Available records>
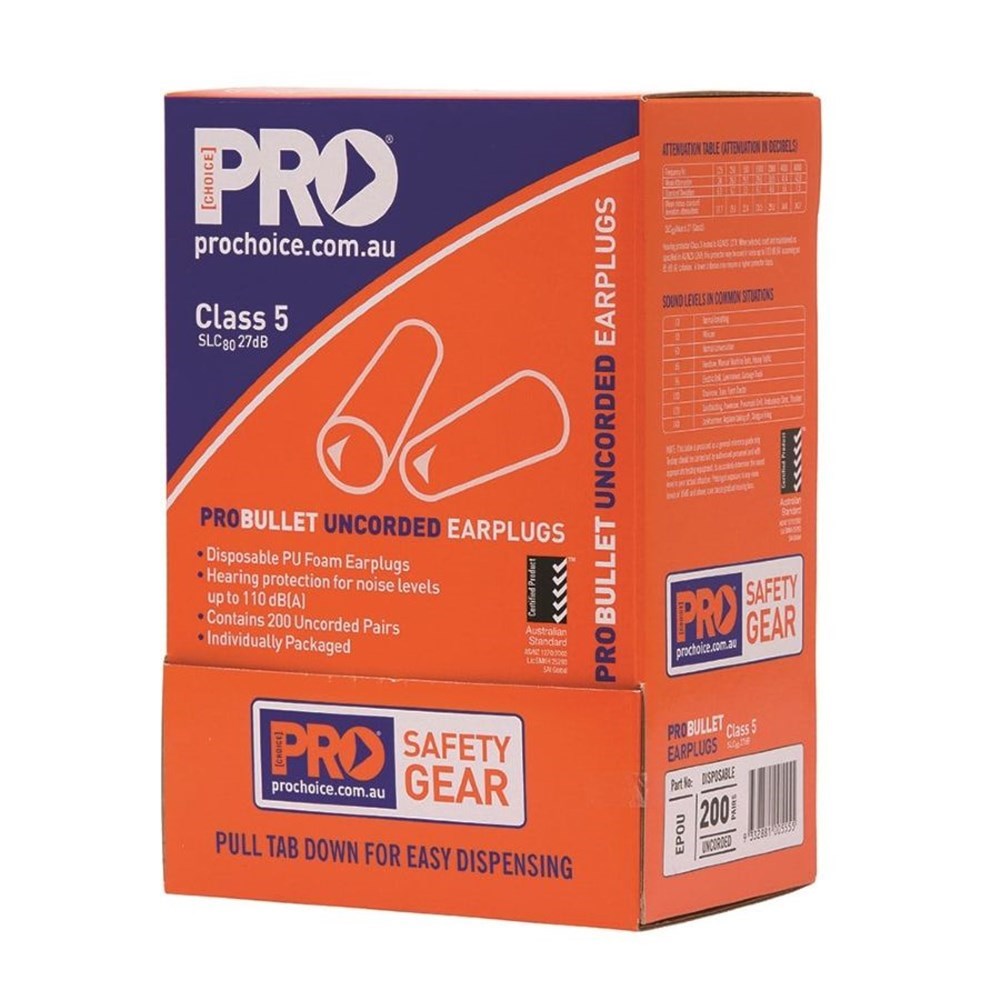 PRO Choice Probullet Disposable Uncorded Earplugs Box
...
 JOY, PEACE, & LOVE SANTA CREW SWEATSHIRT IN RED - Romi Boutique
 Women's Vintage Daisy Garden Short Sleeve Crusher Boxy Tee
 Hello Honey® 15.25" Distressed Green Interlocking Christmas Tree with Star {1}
==
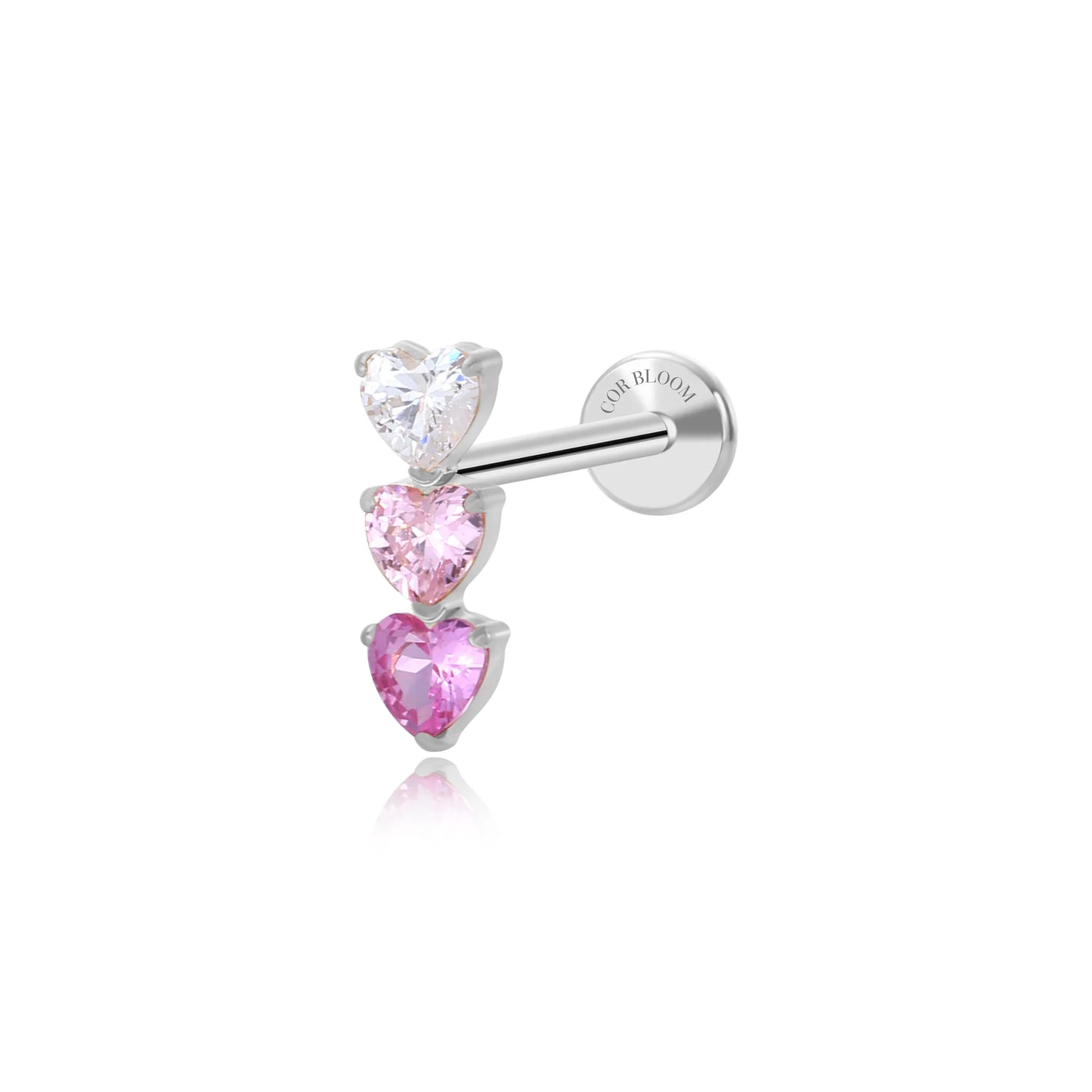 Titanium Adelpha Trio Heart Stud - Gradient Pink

Assignment>
In the listing above, locate the line containing "JOY, PEACE, &" and the line containing "Distressed Green Interlocking". Extract those two lines and every line between them, exactly as written, and only those.

Problem solution>
 JOY, PEACE, & LOVE SANTA CREW SWEATSHIRT IN RED - Romi Boutique
 Women's Vintage Daisy Garden Short Sleeve Crusher Boxy Tee
 Hello Honey® 15.25" Distressed Green Interlocking Christmas Tree with Star {1}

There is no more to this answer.